Problem to solve: Write out, word for word, the first line of the data below and every line after it through the one containing "المعلمون في لحج".

_ _ _ _ _

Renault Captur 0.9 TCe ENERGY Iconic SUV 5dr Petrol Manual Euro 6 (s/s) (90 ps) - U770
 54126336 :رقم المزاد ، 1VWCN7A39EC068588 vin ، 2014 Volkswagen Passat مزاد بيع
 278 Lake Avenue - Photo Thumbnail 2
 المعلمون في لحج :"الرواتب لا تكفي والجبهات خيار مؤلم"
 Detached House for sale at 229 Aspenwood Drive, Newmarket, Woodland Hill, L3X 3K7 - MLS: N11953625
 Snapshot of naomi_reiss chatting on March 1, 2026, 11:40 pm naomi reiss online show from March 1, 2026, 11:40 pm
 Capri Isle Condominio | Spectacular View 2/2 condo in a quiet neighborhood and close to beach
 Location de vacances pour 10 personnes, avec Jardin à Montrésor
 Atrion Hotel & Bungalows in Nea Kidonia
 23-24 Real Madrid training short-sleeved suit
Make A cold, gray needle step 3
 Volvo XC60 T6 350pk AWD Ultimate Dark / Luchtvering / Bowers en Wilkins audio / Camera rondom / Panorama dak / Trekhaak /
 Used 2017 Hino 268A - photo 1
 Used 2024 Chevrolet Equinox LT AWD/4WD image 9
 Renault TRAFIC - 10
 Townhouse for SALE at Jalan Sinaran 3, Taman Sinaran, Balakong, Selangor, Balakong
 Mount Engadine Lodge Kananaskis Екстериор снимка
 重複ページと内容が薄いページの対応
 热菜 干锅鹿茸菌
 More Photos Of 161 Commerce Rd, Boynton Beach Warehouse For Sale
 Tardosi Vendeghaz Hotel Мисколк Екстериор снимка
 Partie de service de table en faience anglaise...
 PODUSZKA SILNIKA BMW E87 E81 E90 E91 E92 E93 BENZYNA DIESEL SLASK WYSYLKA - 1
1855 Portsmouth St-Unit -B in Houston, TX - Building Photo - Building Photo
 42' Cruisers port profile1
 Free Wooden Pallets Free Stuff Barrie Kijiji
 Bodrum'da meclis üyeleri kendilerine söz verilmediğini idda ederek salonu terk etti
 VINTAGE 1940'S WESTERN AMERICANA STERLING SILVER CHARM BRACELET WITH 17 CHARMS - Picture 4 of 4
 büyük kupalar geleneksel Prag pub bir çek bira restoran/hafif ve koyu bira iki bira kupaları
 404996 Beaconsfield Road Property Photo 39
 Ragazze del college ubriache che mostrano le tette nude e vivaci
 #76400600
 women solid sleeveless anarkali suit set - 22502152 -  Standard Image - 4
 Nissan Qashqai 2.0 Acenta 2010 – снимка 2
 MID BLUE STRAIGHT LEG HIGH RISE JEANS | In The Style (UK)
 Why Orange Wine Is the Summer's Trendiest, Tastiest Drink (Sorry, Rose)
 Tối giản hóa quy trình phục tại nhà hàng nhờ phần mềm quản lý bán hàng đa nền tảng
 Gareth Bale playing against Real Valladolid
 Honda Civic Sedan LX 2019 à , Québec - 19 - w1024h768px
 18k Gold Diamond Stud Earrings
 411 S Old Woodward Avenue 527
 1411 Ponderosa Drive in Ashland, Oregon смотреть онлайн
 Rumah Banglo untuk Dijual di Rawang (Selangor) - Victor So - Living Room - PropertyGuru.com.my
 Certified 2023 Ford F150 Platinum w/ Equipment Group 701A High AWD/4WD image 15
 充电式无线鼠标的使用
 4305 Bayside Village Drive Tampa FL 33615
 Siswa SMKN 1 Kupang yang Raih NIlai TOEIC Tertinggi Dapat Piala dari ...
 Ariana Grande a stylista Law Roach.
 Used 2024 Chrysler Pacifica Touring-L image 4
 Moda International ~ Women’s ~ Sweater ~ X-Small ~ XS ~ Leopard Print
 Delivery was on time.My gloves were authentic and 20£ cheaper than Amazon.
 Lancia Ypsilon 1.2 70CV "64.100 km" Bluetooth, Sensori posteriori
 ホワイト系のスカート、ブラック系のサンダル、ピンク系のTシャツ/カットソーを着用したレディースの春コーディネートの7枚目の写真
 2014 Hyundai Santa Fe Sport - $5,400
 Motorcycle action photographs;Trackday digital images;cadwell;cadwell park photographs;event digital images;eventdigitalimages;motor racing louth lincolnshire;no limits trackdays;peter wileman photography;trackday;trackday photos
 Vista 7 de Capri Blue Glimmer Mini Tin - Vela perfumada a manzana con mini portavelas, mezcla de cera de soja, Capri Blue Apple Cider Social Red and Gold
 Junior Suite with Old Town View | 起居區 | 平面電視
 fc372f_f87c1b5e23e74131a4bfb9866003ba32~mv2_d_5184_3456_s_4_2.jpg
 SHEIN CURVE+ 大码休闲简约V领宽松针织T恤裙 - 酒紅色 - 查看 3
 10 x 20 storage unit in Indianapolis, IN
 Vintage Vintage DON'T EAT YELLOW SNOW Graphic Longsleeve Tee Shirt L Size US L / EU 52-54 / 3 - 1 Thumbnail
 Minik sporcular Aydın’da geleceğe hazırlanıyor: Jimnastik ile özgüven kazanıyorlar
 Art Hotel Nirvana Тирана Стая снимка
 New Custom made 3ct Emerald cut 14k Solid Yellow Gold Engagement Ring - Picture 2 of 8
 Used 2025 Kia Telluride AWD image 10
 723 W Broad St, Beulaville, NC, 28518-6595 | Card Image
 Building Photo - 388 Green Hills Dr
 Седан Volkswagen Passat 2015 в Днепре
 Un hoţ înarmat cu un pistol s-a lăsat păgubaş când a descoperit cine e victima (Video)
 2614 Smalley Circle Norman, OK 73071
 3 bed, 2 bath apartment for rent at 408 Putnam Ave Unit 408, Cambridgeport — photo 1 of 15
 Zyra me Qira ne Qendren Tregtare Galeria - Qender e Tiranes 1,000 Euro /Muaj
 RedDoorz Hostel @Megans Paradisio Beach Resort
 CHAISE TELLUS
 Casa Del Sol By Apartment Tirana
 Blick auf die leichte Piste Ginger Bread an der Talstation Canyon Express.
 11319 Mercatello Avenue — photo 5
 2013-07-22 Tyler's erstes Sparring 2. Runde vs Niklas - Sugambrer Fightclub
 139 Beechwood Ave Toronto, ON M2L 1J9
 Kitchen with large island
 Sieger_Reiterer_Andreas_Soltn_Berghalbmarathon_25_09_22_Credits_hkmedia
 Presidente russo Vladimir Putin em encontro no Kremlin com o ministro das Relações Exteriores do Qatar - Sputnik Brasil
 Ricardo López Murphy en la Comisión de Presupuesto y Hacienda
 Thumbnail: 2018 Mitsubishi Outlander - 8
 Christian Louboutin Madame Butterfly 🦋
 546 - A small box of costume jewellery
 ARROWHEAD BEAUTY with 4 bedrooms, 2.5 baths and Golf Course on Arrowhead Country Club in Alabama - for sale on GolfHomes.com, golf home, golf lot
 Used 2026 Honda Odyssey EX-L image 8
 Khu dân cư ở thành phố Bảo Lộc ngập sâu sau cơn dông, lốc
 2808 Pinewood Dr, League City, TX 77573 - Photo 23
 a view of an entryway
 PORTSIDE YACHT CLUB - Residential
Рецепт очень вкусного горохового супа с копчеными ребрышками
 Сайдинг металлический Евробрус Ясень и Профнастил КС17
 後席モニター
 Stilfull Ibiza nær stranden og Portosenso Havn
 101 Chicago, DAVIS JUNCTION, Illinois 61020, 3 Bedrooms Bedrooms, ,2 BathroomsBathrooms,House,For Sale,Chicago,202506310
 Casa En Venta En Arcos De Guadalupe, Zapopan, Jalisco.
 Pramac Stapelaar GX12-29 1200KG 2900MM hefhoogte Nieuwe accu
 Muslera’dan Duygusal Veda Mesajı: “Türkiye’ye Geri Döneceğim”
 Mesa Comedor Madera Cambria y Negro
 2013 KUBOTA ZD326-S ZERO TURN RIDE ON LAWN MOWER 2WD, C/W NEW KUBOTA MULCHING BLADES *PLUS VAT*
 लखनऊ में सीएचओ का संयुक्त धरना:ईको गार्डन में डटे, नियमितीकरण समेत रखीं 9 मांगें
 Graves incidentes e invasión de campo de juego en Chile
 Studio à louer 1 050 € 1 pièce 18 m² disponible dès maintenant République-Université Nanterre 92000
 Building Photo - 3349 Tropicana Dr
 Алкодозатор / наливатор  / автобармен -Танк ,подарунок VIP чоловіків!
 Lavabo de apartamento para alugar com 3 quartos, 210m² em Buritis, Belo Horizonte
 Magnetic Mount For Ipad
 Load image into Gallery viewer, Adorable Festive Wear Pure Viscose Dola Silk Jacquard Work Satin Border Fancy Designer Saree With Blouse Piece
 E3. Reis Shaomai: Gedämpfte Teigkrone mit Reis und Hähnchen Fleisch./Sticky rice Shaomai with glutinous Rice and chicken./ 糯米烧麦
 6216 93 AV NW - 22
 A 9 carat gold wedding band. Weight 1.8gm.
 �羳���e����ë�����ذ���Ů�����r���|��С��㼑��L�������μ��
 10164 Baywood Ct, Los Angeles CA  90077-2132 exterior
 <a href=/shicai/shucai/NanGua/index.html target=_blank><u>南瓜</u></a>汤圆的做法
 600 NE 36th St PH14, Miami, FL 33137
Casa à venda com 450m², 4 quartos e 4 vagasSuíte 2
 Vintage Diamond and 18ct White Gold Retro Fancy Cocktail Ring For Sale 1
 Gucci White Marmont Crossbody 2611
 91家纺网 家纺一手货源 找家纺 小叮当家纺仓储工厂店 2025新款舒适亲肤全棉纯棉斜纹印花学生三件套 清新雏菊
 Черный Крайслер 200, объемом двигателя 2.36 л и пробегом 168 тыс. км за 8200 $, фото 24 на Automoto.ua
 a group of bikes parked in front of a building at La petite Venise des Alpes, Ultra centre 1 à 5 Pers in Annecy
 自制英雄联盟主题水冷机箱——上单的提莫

_ _ _ _ _

Written response:
Renault Captur 0.9 TCe ENERGY Iconic SUV 5dr Petrol Manual Euro 6 (s/s) (90 ps) - U770
 54126336 :رقم المزاد ، 1VWCN7A39EC068588 vin ، 2014 Volkswagen Passat مزاد بيع
 278 Lake Avenue - Photo Thumbnail 2
 المعلمون في لحج :"الرواتب لا تكفي والجبهات خيار مؤلم"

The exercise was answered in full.